_Task description_
What is the number of lines below that contain the string "logo"? Give it and nothing else.

(Scraped caption text data)
········
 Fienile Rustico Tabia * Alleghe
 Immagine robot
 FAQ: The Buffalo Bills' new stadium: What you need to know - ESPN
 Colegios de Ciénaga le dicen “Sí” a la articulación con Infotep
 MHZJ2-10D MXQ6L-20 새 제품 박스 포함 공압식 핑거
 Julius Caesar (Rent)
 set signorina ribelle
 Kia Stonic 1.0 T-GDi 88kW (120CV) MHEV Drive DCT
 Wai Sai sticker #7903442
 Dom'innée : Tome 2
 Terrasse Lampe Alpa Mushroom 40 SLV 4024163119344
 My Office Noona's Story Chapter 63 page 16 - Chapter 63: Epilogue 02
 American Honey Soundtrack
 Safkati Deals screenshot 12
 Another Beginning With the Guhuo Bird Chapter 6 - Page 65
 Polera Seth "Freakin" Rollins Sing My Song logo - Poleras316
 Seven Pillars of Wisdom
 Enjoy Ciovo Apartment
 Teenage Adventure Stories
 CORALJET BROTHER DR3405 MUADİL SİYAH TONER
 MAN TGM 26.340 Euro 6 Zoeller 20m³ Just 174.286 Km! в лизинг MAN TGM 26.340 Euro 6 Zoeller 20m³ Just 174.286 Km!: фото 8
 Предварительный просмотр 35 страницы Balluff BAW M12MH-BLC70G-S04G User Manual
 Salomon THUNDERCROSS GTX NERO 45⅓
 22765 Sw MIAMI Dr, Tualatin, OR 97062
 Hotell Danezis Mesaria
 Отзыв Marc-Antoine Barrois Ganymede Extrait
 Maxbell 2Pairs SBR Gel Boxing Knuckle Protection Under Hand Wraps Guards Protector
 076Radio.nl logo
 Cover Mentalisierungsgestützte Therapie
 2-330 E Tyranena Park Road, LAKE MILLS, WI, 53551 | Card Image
········
_Written solution_
2